We in Plaid Cymru support the principle of affording exporters in Wales the opportunity to further their trade with the USA. It is the largest destination for Welsh exports outside the EU and involves 23.7% of all trade, which naturally leads to the question of whether there is actually a problem to solve with the proposed trade deal. Certainly, we would support any deal that was of mutual benefit and in the Welsh national interest, and we would want guarantees that SMEs are genuinely afforded entry into the market with the chance to create more jobs and grow the economy. For example, exports from local farmers in Carmarthenshire could benefit from a favourable deal. Indeed, the Farmers Union of Wales is very encouraged by TTIP.
However, Plaid Cymru would be opposed to any deal that ended up favouring big corporations and allowed the further hollowing out of industrial sectors of the Welsh economy. We also have grave concerns about the proposed EU-US trade deal as it currently stands with regard to investor-state dispute settlement—I will talk a little more about that later in my remarks.
Much needs to be done to increase transparency in these negotiations. I am an avid follower of the Twitter account launched by the EU negotiating team, but much greater effort needs to be made by the EU and member states to explain and inform people about the TTIP. Economists at the Munich-based Ifo Institute found that a trade deal would lead to a 13.4% increase in US income per head in real terms over the long term, but an average rise of only 5% among the EU 27, now 28—we in Wales welcome our friends in Croatia to the EU table.
The figures assume that the US and EU agree on a deal that would lower transatlantic tariffs, and harmonise and ease regulations in many sectors that are often referred to as non-tariff barriers to trade. Trust in any trading partner is essential. That is why last year I read with great concern the revelations that the National Security Agency surveillance programmes had been spying on Governments in Europe, with the help of intelligence services in the UK. The spying revelations had the potential to derail the proposed deal, given the understandable outrage in some European capitals. I am amazed that there has not been more public outrage here, given the level of intrusion into private lives. I imagine that had any other foreign Government pursued such blanket intrusion, the UK Government would have armed the nukes. Their deafening silence about the NSA revelations indicates a worrying collusion aimed at sidestepping UK civil liberty protections. That is why it is incredibly important that, at every stage of the negotiations on any deal, there is full transparency and accountability, and that all groups are allowed input. This is a matter for all EU nations and regions, not just the leaders of a few select large and economically powerful states within it.

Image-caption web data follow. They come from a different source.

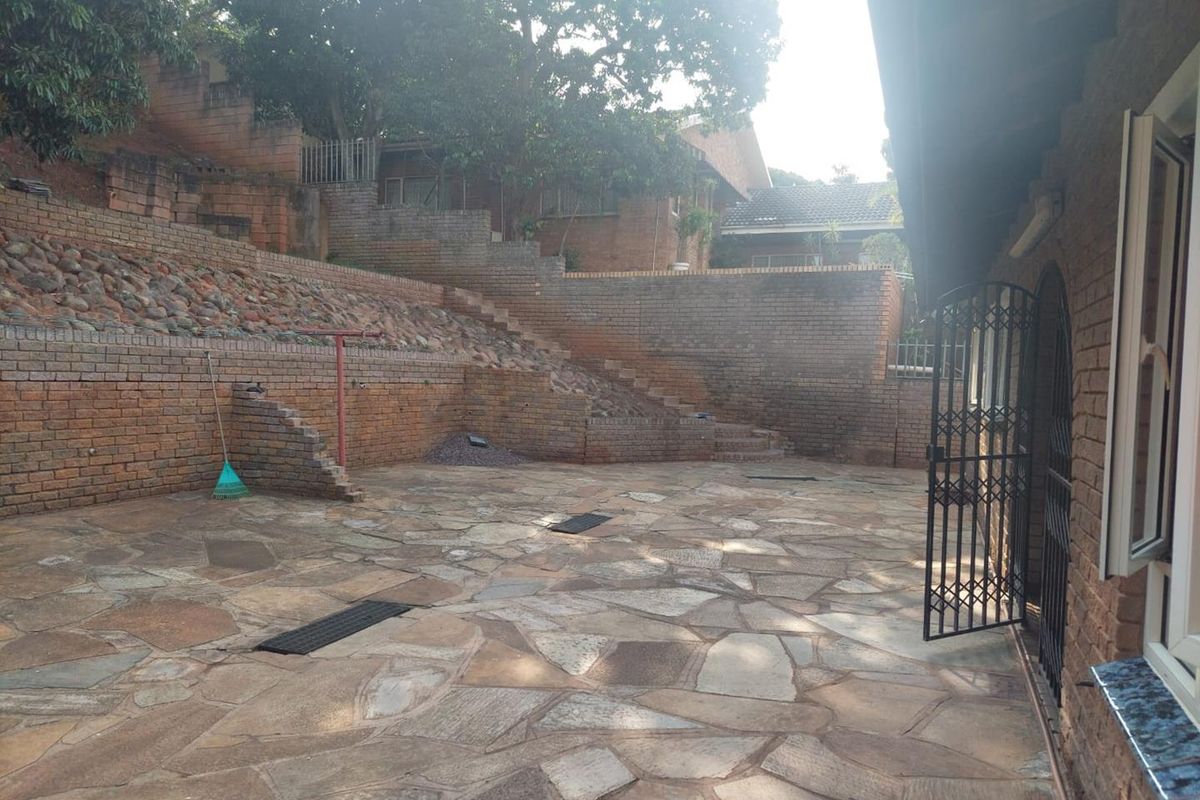 Spacious rear courtyard featuring extensive brick retaining walls, stone terracing, and paved flooring, providing a multi-level outdoor area.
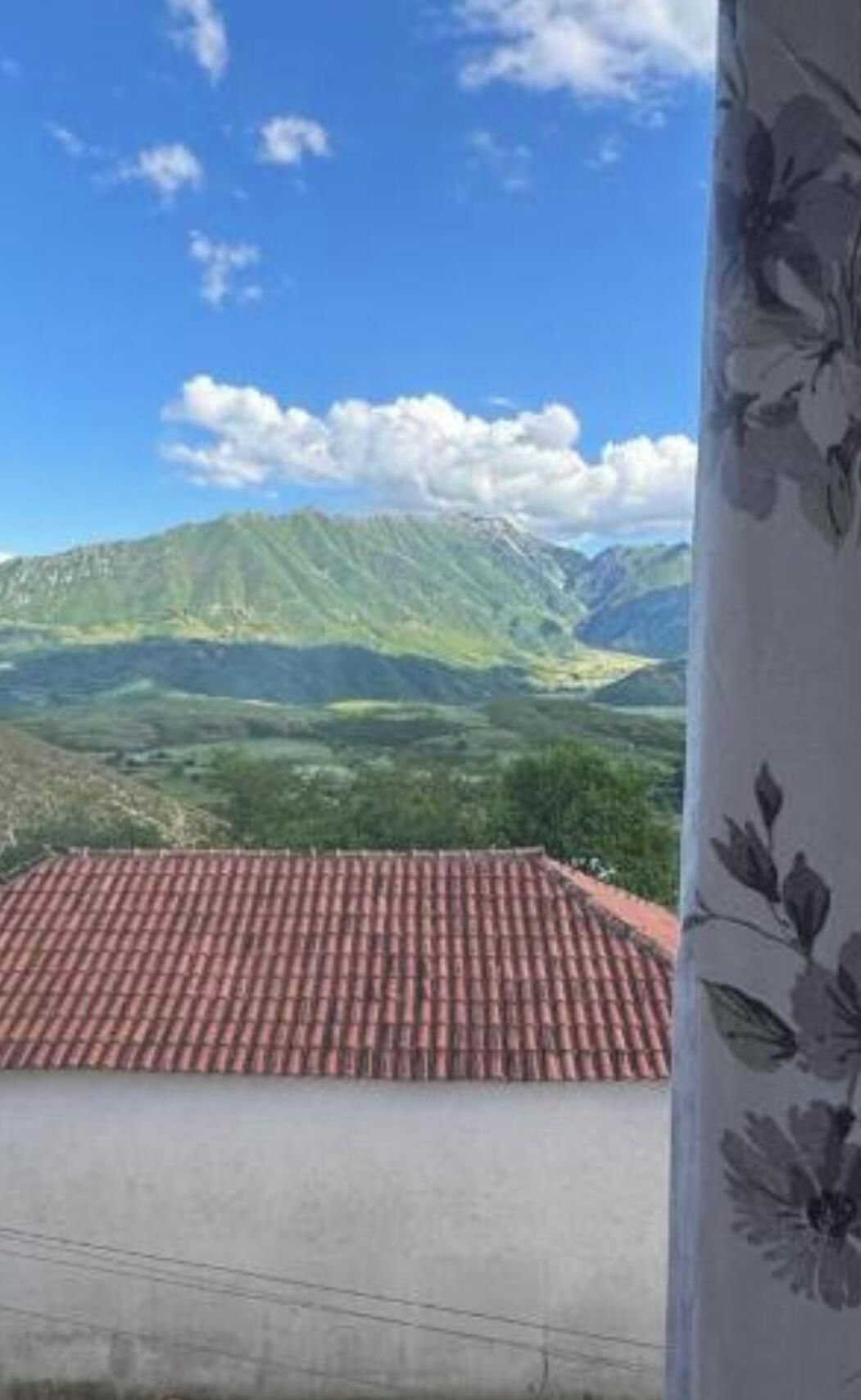 A view of a mountainous landscape with a red-tiled roof and a white wall.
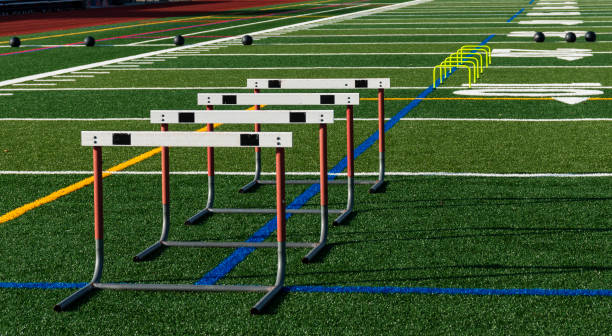 istock Hurdles and medicine balls set up for speed and agility training 1035108174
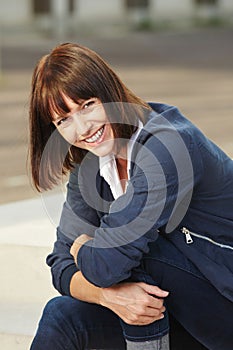 Happy older woman with cheerful expression outside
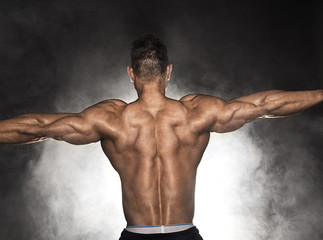 Fototapeta na wymiar Rear view of bodybuilder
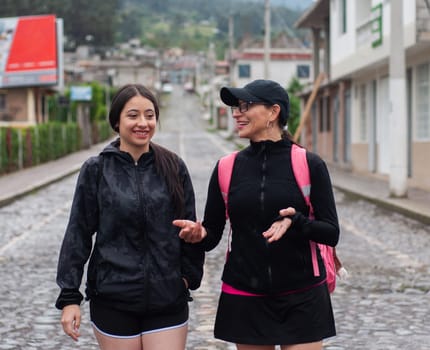 mother and daughter doing rural tourism in sportswear walking on a stone path in the city with two backpacks. backpackers' day. High quality photo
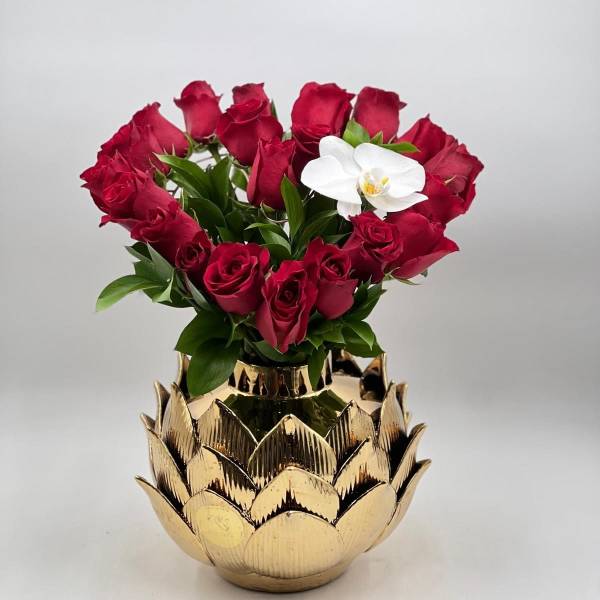 Red roses arranged in a gold lotus-shaped vase with one white orchid bloom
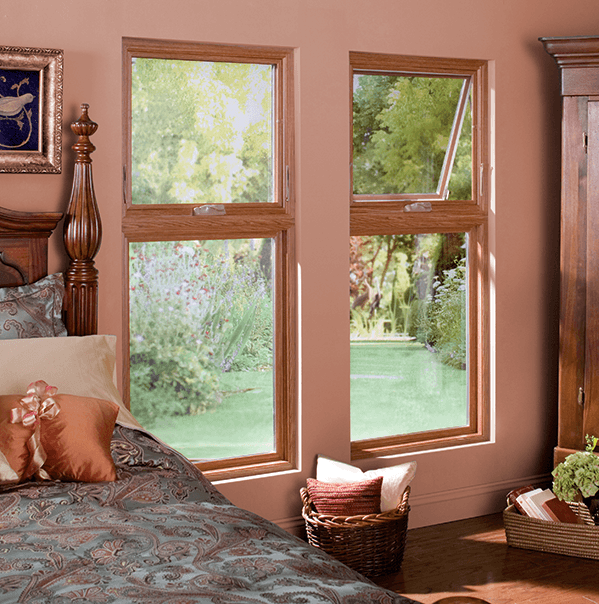 Awning windows in a cozy pink colored bedroom with a bed on a wooden bedframe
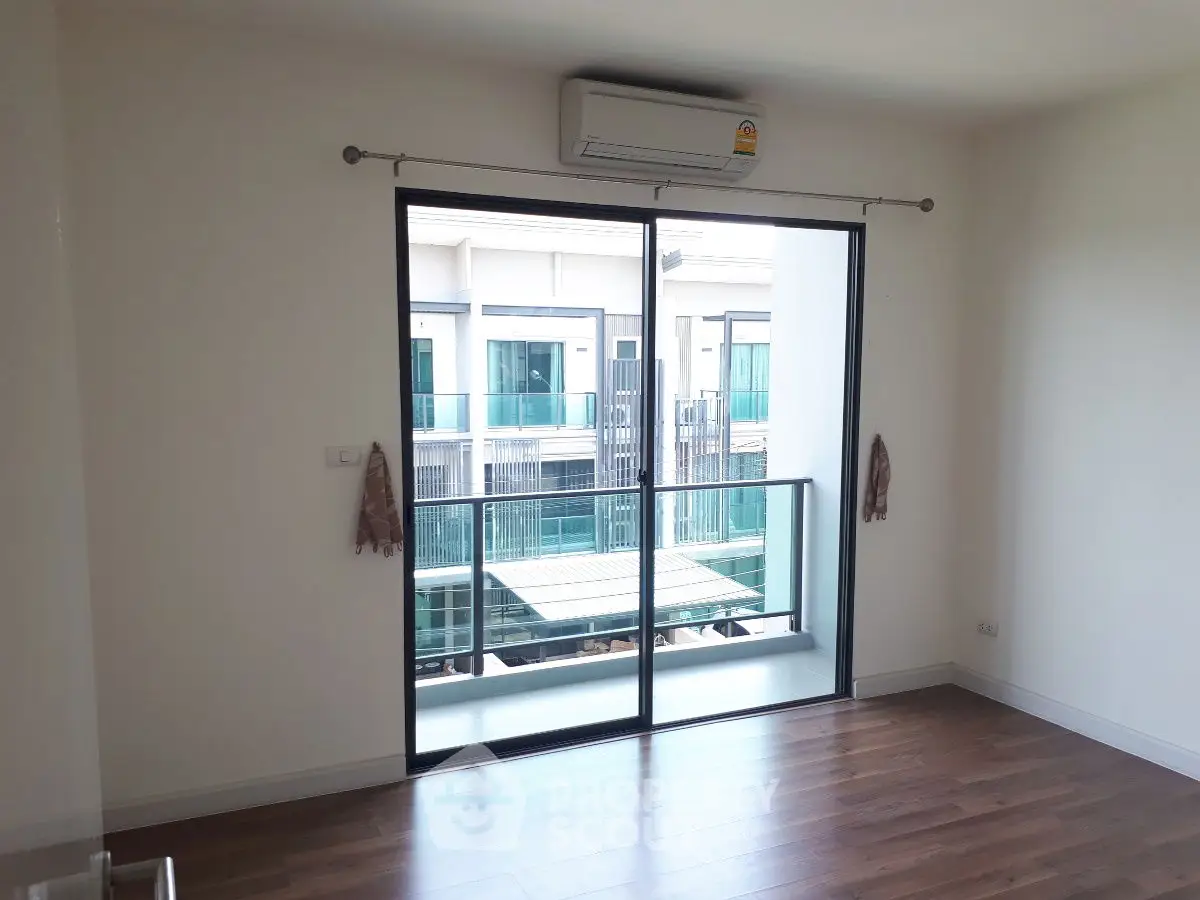 Modern apartment with balcony and large sliding glass doors, featuring sleek wooden flooring.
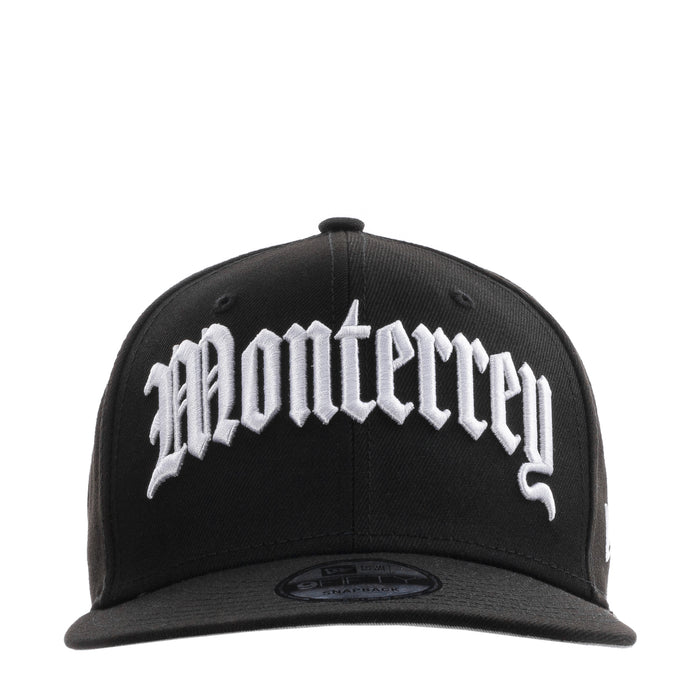 Black baseball cap with large white script front logo and curved brim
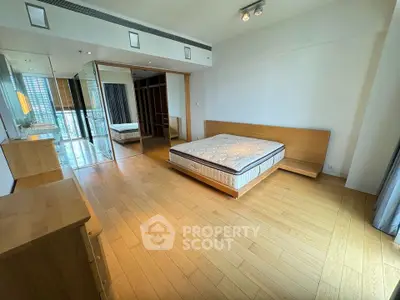 Spacious modern bedroom with wooden flooring and large mirrored closet in luxury apartment.
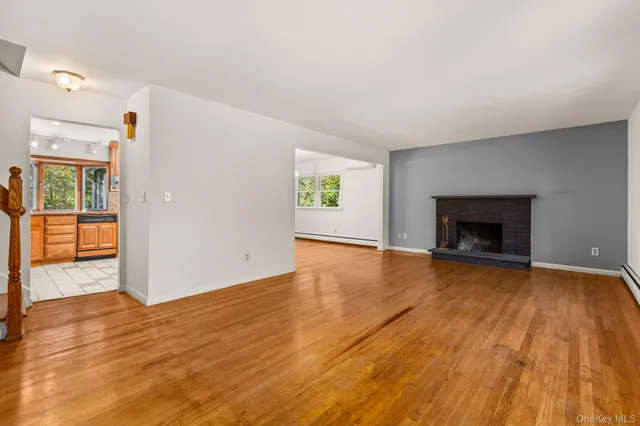 a view of empty room with wooden floor and fireplace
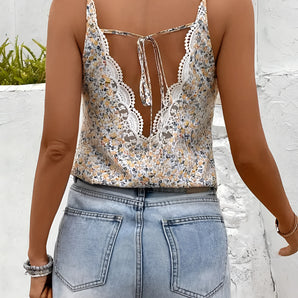 White bohemian floral lace tank top featuring a tassel tie back, displayed on a mannequin, highlighting its sleeveless design and intricate lace details suitable for women's summer fashion.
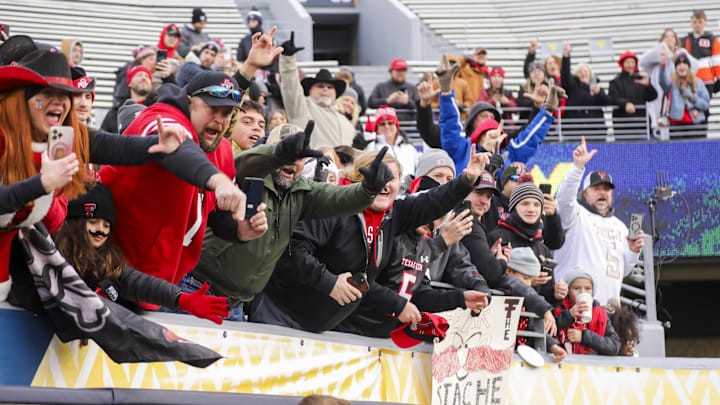 Nov 29, 2025; Morgantown, West Virginia, USA; Texas Tech Red Raiders fans cheer as Texas Tech Red Raiders head coach Joey McGuire greets them after defeating the West Virginia Mountaineers at Milan Puskar Stadium. Mandatory Credit: Ben Queen-Imagn Images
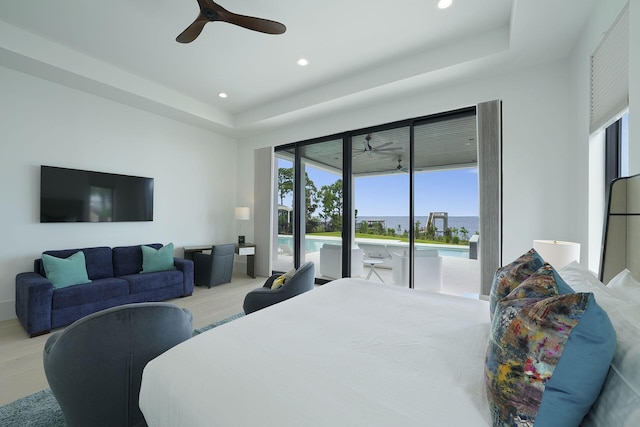 bedroom featuring ceiling fan, a tray ceiling, access to exterior, and light wood-type flooring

EU Trade Ministers agreed on a mandate for the European Commission to conduct negotiations with the USA on the TTIP. A lack of transparency in future negotiations is a major cause for concern, yet EU Governments insist on keeping the mandate confidential. The trumped-up excuse—that it is necessary for negotiations —does not stand up to analysis, as it will be available for the US to access. The mandate on the terms of any deal should be freely debated in the European Parliament and in European Parliaments, and not arrogantly assumed by the European Commission and state Governments.
The French Government have apparently secured the exclusion of culture and audiovisual services from the mandate. There are still many risks that deserve the same attention. There are serious concerns that negotiations could lead to investor claims that threaten core EU standards and rules on the protection of public services— such as the NHS, which was raised earlier—intellectual property, food safety, GMO crops, and health and environmental standards.